The first thing Hawke became aware of as she awoke was the softness of the cloth her right cheek rested on. The second was that her nose itched horribly. Her lips were dry and cracked, her tongue like cotton in her mouth. It took all of her willpower to open her eyes enough to see where she was.

“By the light of the Maker,” Anders gasped as he saw her eyes flicker open. “Fenris! Varric! She’s awake, blessed Andraste, she’s awake!”

Hawke fought with her leaden tongue, trying to form a coherent word, but she could only croak out a feeble little sound. Anders grabbed a cup nearby and gently helped her lift her head so she could take a sip of the water within.

“Hush now, don’t strain too hard,” he murmured. “Just rest.”

Fenris and Varric knelt down beside their wounded friend as Anders tended to her, their faces belying just how serious the situation was.

“What happened?” Cassie rasped after clearing her throat.

Varric rubbed his forehead, sighing. “That damned dragon got its claws into you good.”

“There’s nothing good about it,” Fenris shot him an angry glance before turning his gaze back to Hawke. “It was a close call. Had we been further away from you, you would not be alive right now.”

Cassandra's last memory from the fight flashed through her mind. “You… saved me. You carried me away from the fight.”

Fenris’s usual stoic façade slipped for a moment and his voice broke. “Yes, I… I did. But not soon enough…”

“Fenris…” Anders warned, as if there was something he did not want to tell her.

“What are you not telling me?” Hawke gritted her teeth and tried to push herself up, but fiery pain ripped across her back and she cried out.

Anders flinched and looked down at his hands. “Fenris was able to get you out before the dragon finished the job, but by that time I was almost out of mana, and I was… unable to heal you enough. Your back will be permanently disfigured. And it is no small scar that the dragon’s claws have left behind.”

Hawke felt her heart skip a beat. “How bad is it?” None of her friends would look at her or say anything. “ _How bad is it?_ ”

Fenris’s resolve broke first. “It covers your entire back, from your left shoulder to your right hip. The pain kept you unconscious for almost three days.”

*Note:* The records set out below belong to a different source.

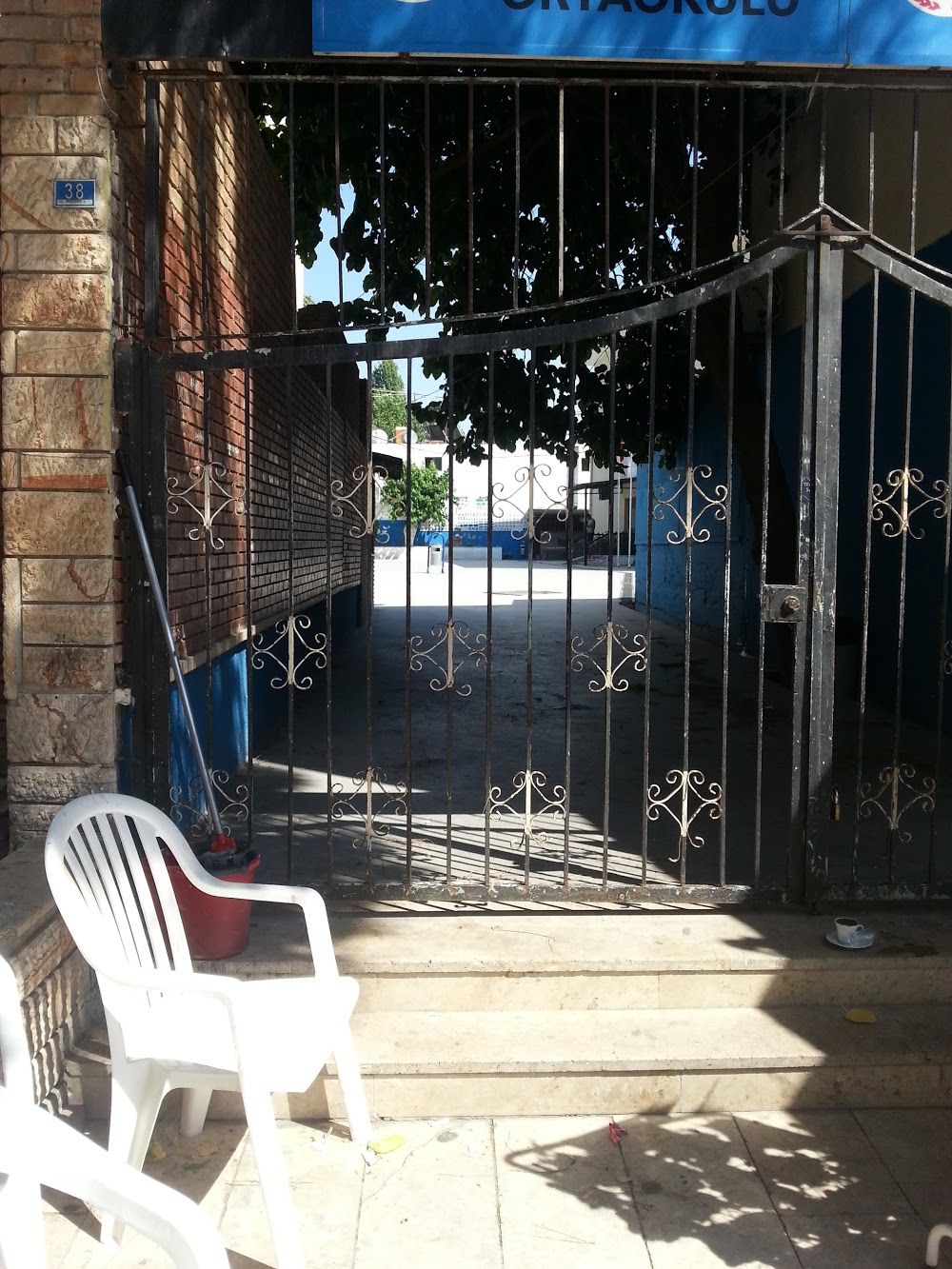 Kuşadası Çakabey Ortaokulu Fotoğrafları 1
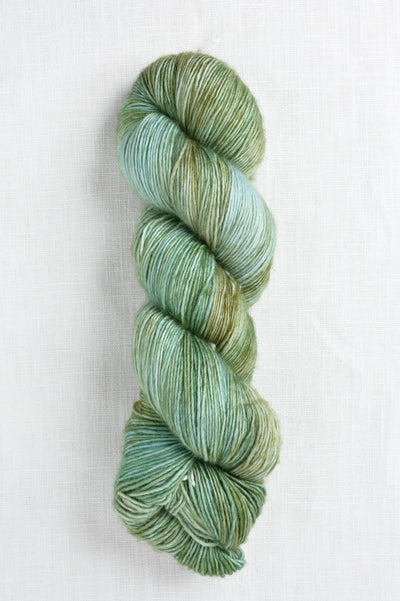 Madelinetosh Biggie Lost in Trees / Solid (Core)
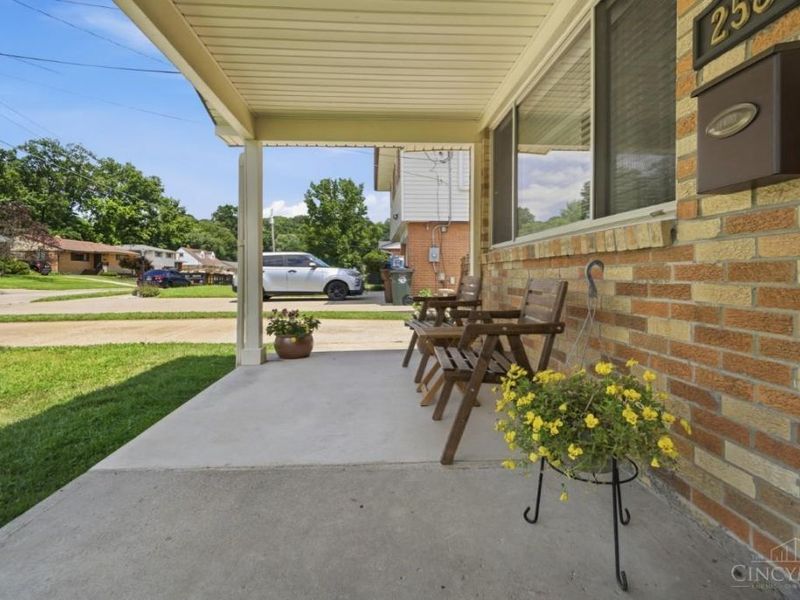 2588 Petworth Court, Reading, OH 45236 Photo 8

Cassandra felt like she was going to throw up. “Three days,” Her voice shook. “Not only did I get myself hurt, but I’ve delayed the entire expedition!”

Varric spoke up then. “Actually, that’s the one bit of good news we have for you. After we made sure you weren’t in danger of dying, the three of us rested for a while and then slayed the dragon. We’re two days past that down the other side of the main tunnel.”

“Thank the Maker,” Cassie sighed. She could feel herself tiring already, and though her back was numb from whatever Anders had done to help her heal, her whole body ached.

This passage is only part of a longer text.